Un timelock réduit fortement le risque en donnant à la communauté le temps de repérer et de contester une proposition malveillante avant son exécution, et il neutralise entièrement les variantes basées sur un flash loan, qui nécessitent une exécution dans la même transaction. Il ne suffit toutefois pas seul : l’attaque de Tornado Cash en 2023 a réussi malgré l’existence de délais, car la proposition malveillante semblait, en apparence, identique à une version déjà approuvée. Un timelock doit donc être combiné à un contrôle multisignature d’urgence et à un examen attentif du contenu des propositions.

Les détenteurs de tokens de gouvernance sont-ils protégés par la réglementation européenne MiCA ?

Partiellement. Depuis le 1er juillet 2026, MiCA impose aux émetteurs identifiables de tokens de gouvernance de publier un livre blanc et de respecter des règles de transparence, sous la supervision de l’AMF en France. Mais la plupart des DAO véritablement décentralisées, sans émetteur central identifiable, échappent largement à ce cadre, et aucune réglementation européenne ne traite spécifiquement, à ce jour, du statut juridique d’une DAO victime d’un détournement de gouvernance.

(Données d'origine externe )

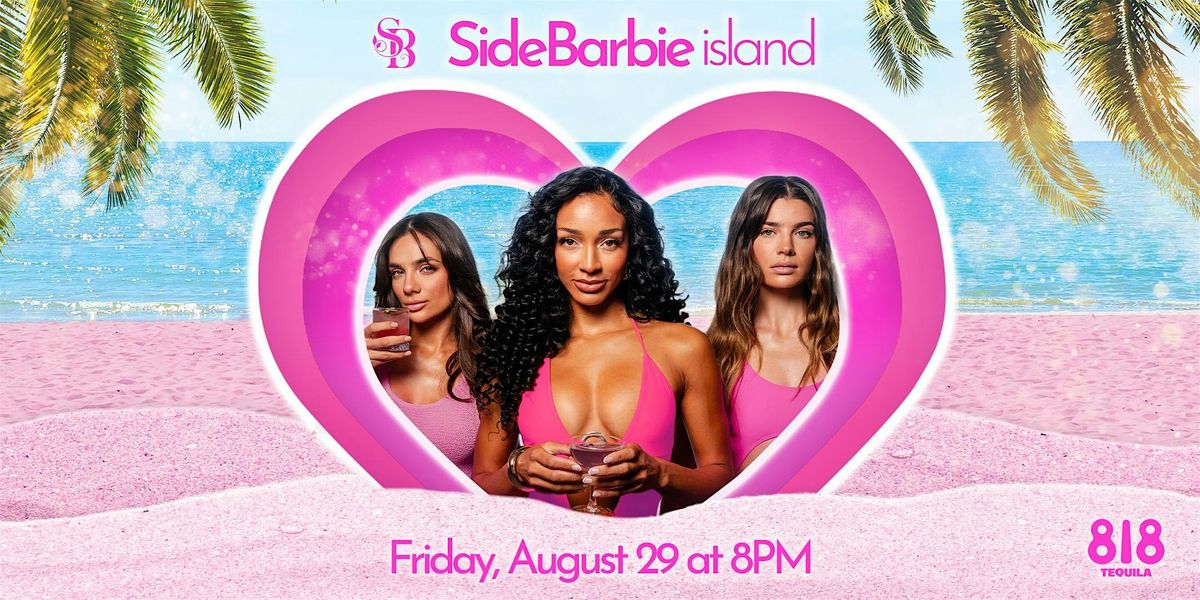 SideBar: Side Barbie island
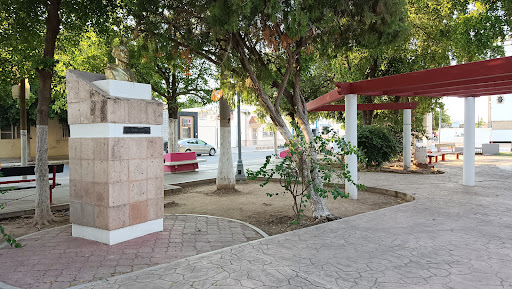 Kiosko Guasave Gallery - Mexico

Comment repérer si un token de gouvernance est vulnérable à ce type d’attaque ?

Il faut vérifier plusieurs éléments avant d’investir : l’existence d’un timelock entre le vote et l’exécution, un seuil de quorum qui ne soit pas atteignable par un seul acteur au vu de la liquidité réelle du token, un contrôle multisignature capable de bloquer une proposition suspecte, et un historique de participation aux votes suffisamment large pour ne pas reposer sur une poignée de portefeuilles.

Camille Fontaine, rédaction HOGE Wire.